Petit retour en arrière sur la situation politique de l'Italie à l'époque. En 1922, à la suite de la très connue “Marche sur Rome”, le dictateur fasciste Benito Mussolini prend la tête de la nation italienne. Progressivement, il impose ses pensées politiques au peuple de son pays jusqu'à en faire un état totalitaire et n'hésite pas à enlever et à tuer tous ses opposants politiques qui osent se mettre en travers de son chemin. Lors de ses discours, ce type, débordant d'énergie, harangue la foule qui répond au diapason, comme dans toute dictature... Il s'engagera même aux côtés de l'Allemagne nazie durant la Seconde Guerre Mondiale.

Revenons à notre Coupe du Monde, quelques jours avant le début de la compétition, le ”Duce” comprend qu'une victoire italienne à domicile pourrait exposer au monde entier la grandeur de son peuple fasciste.

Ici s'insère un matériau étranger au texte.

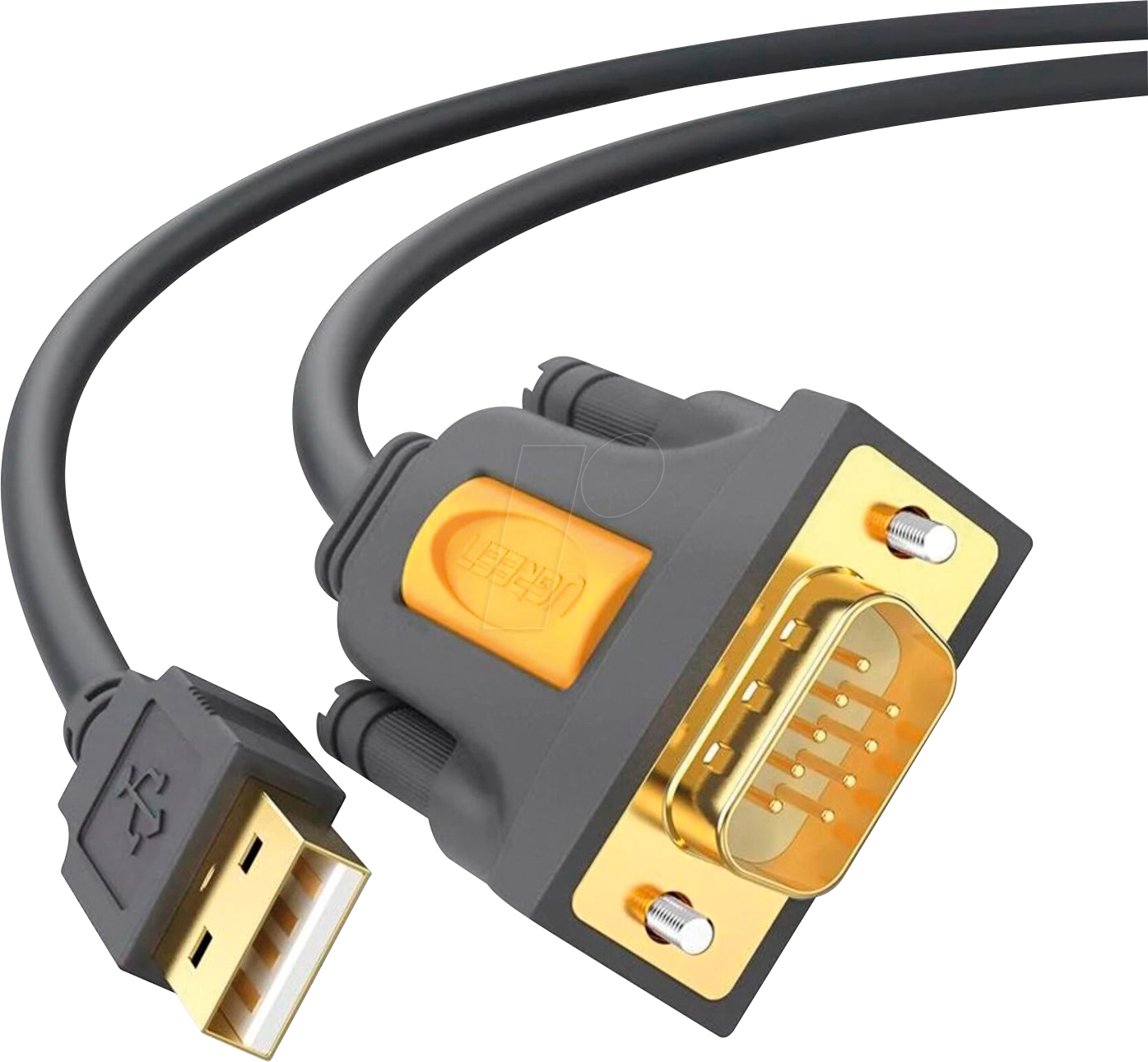 Bild von UGREEN USB auf RS232 Seriell Kabel USB Seriell DB9 mit PL2303 Chipsatz, Kompatibel mit Router (1M)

Il décida alors que l'Italie devait remporter ce mondial, je vous laisse deviner la suite et qui aura le privilège de pouvoir soulever le fabuleux trophée Jules Rimet

A l'époque, les équipes entament leur compétition directement en huitième de finale. Les joueurs autrichiens débutent leur campagne italienne en battant la France sur le score de 3 buts à 2 après prolongations puis éliminent leur voisin hongrois 2 buts à 1 en quart de finale.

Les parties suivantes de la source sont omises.